ASSIGNED TASK: In the records below, repeat exactly the lines between the line holding "Box for Insects set of 2" and the line holding "Labradoodle dogs for sale: Taz - Image 1", inclusive, and drop the pictures.

PROVIDED MATERIAL:
+---+

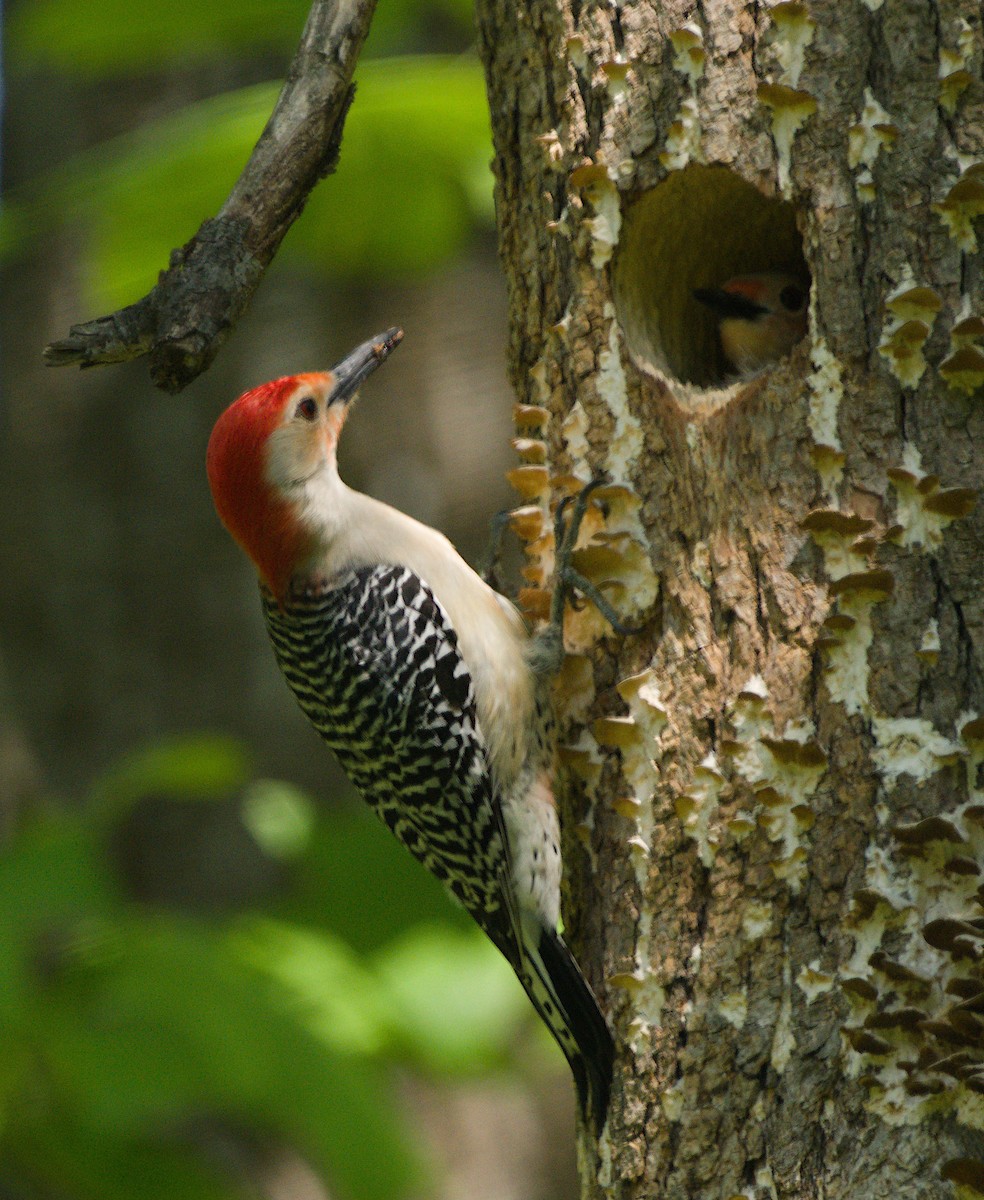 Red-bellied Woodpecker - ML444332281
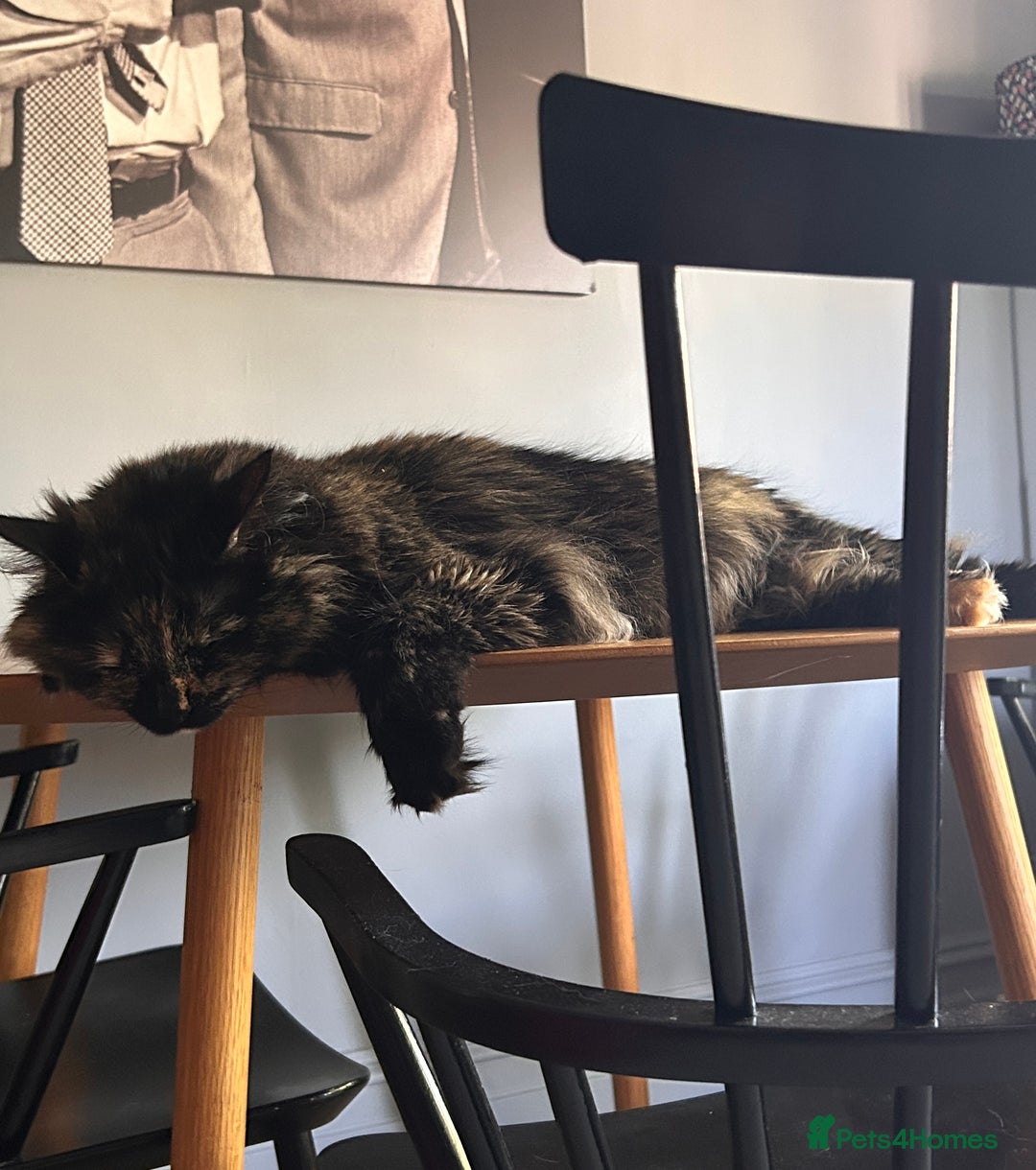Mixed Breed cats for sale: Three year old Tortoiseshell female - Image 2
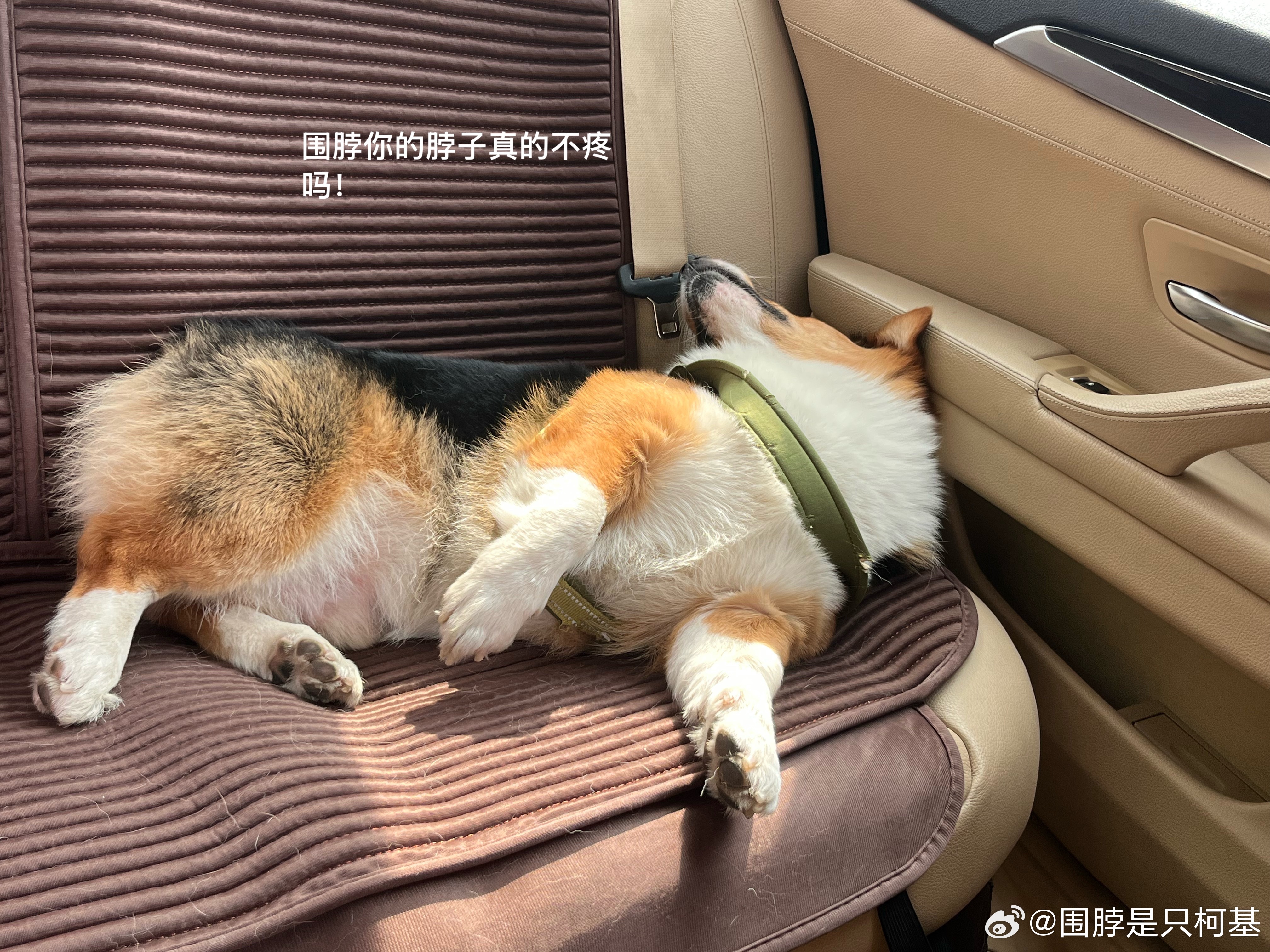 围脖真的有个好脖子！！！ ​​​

+---+

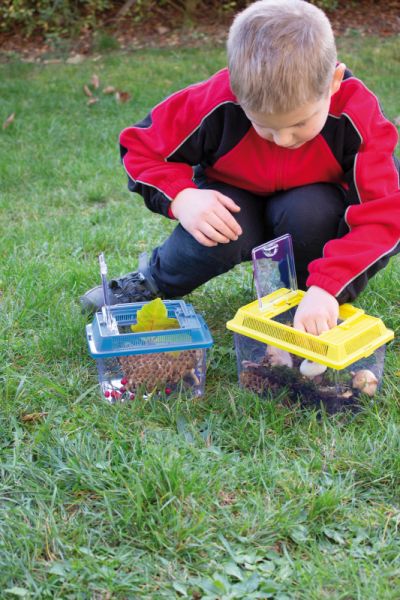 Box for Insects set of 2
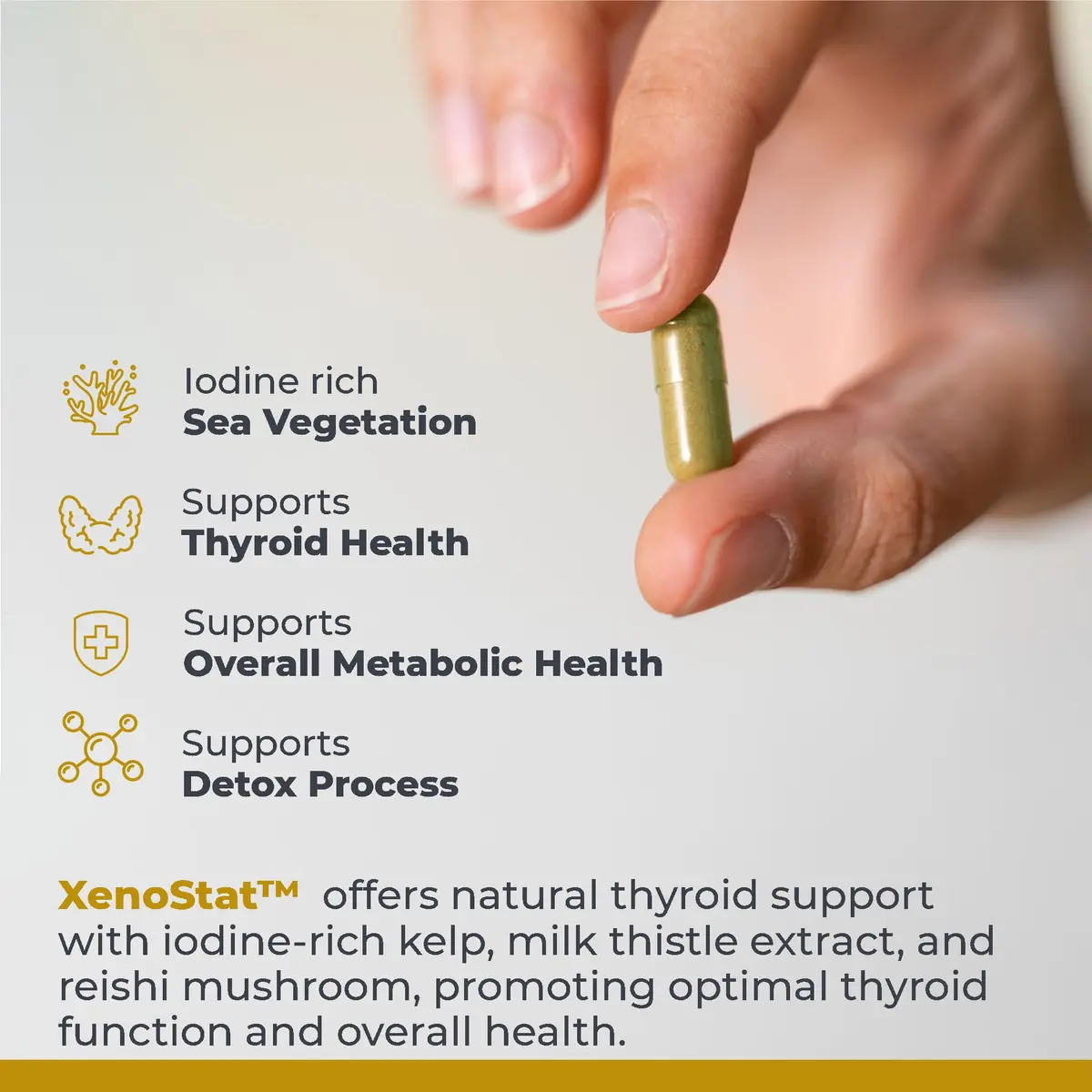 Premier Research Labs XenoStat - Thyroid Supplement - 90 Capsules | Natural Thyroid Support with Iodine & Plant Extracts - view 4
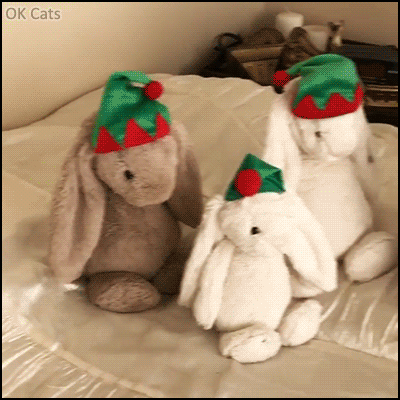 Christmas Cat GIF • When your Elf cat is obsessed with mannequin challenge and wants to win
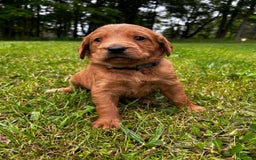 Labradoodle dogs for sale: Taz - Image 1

+---+

RESPONSE FOR THIS EXERCISE:
 Box for Insects set of 2
 Premier Research Labs XenoStat - Thyroid Supplement - 90 Capsules | Natural Thyroid Support with Iodine & Plant Extracts - view 4
 Christmas Cat GIF • When your Elf cat is obsessed with mannequin challenge and wants to win
 Labradoodle dogs for sale: Taz - Image 1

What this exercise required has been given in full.